Data supplied
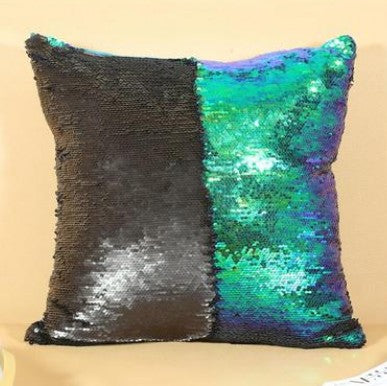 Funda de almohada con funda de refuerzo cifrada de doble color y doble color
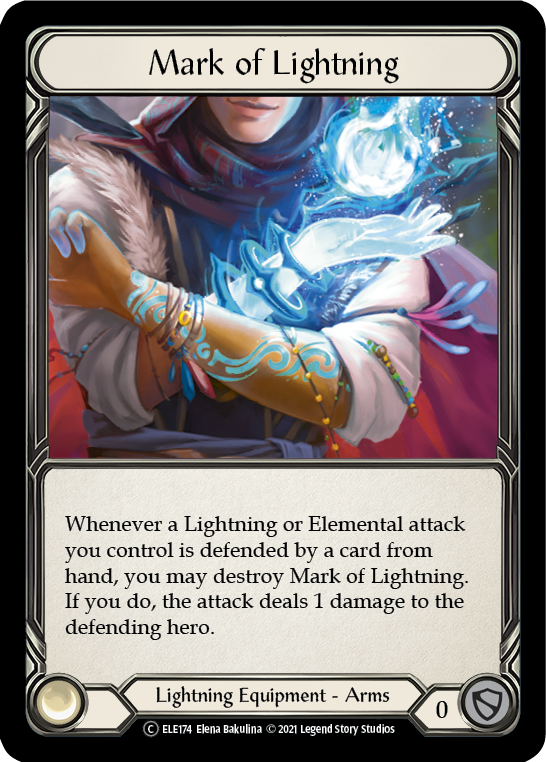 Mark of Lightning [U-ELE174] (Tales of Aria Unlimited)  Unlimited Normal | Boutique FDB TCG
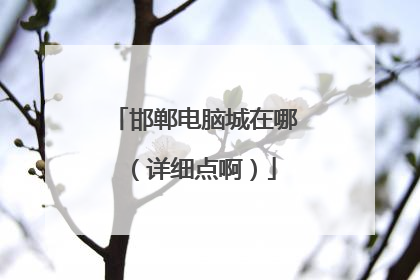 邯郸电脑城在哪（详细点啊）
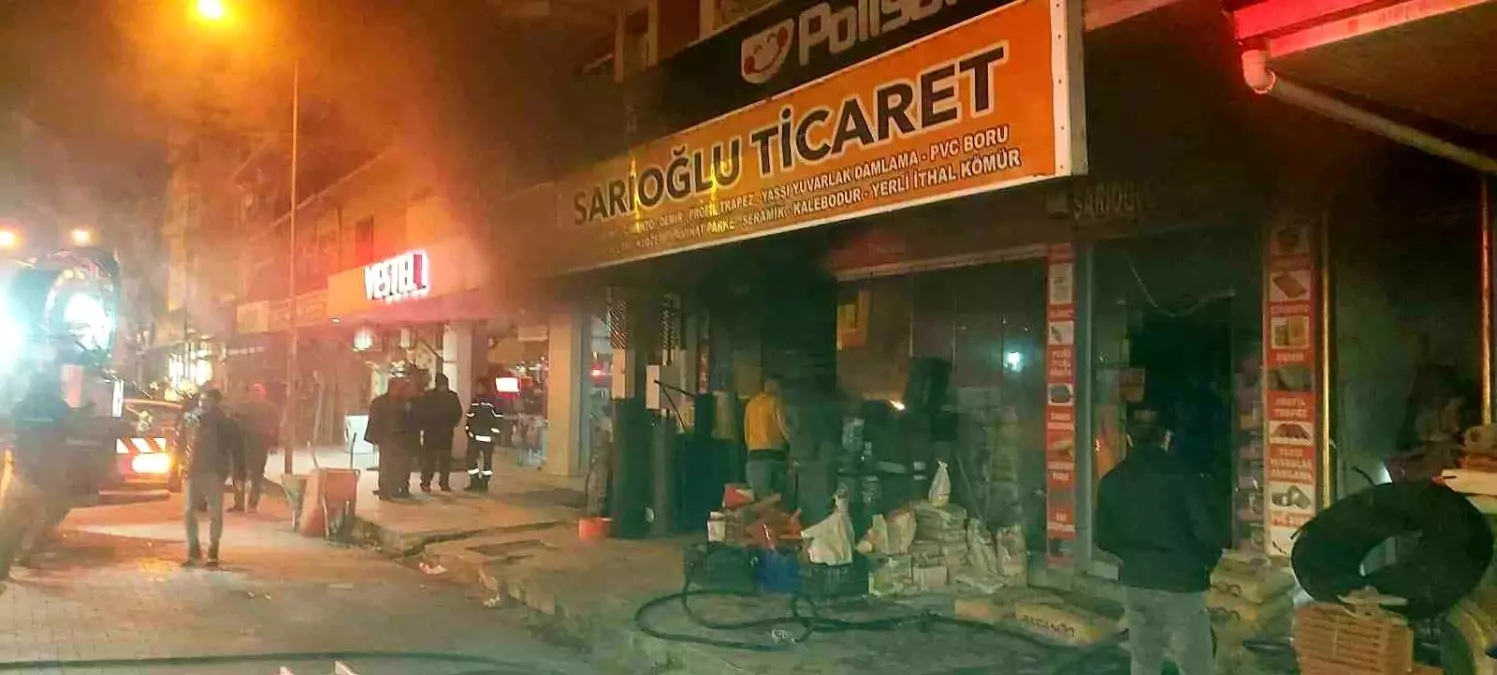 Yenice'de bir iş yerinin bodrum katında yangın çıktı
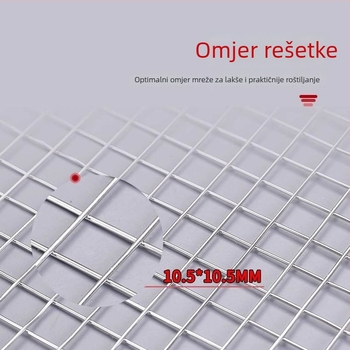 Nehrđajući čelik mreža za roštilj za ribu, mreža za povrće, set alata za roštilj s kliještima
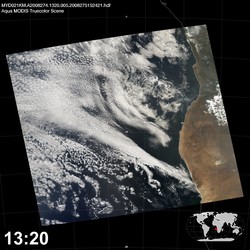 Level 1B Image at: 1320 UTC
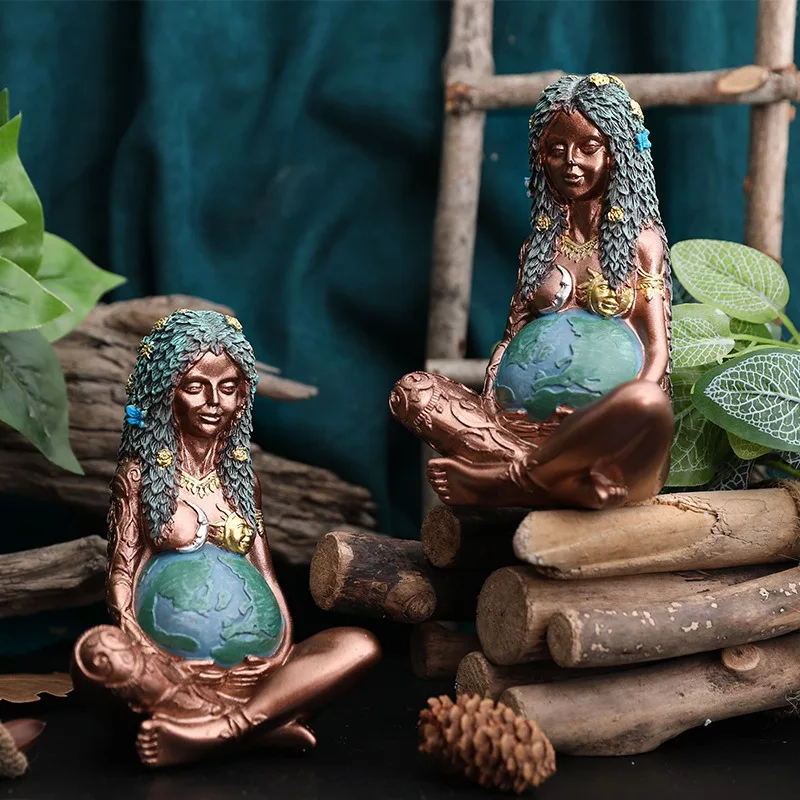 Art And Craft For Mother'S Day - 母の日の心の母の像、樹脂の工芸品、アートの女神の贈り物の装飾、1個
--
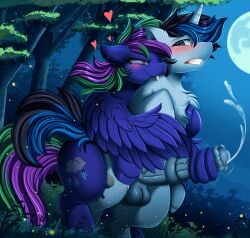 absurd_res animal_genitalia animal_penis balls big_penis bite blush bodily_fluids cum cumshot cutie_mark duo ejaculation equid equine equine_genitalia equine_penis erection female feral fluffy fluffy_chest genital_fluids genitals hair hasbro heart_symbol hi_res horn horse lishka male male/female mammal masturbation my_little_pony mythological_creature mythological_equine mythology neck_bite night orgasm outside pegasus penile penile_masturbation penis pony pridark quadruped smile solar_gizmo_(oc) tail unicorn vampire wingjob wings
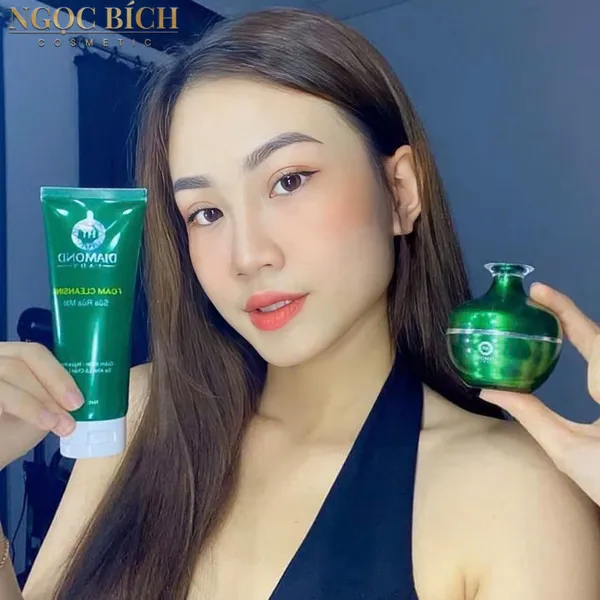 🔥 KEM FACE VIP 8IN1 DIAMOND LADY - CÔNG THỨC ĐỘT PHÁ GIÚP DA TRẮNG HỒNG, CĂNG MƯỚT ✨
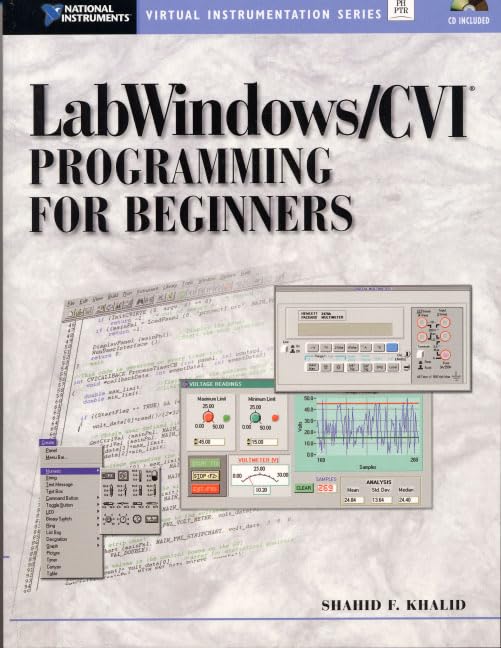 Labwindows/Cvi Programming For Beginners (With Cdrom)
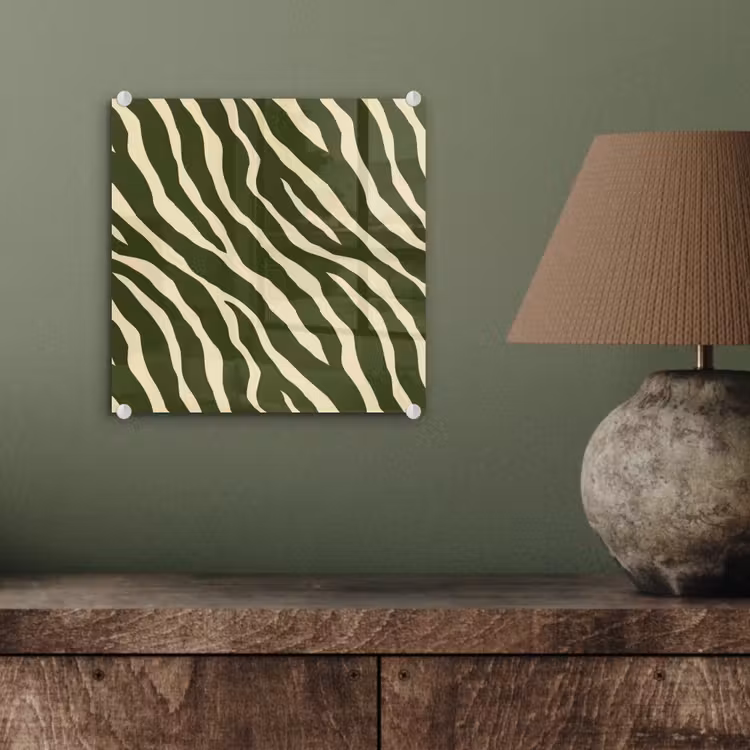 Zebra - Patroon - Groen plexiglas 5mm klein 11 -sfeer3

What to work on
What is needed is an exact copy of only the lines above from the one with "Funda de almohada" to the one with "Art And Craft", both kept, with every picture left out.

Solution to this problem
 Funda de almohada con funda de refuerzo cifrada de doble color y doble color
 Mark of Lightning [U-ELE174] (Tales of Aria Unlimited)  Unlimited Normal | Boutique FDB TCG
 邯郸电脑城在哪（详细点啊）
 Yenice'de bir iş yerinin bodrum katında yangın çıktı
 Nehrđajući čelik mreža za roštilj za ribu, mreža za povrće, set alata za roštilj s kliještima
 Level 1B Image at: 1320 UTC
 Art And Craft For Mother'S Day - 母の日の心の母の像、樹脂の工芸品、アートの女神の贈り物の装飾、1個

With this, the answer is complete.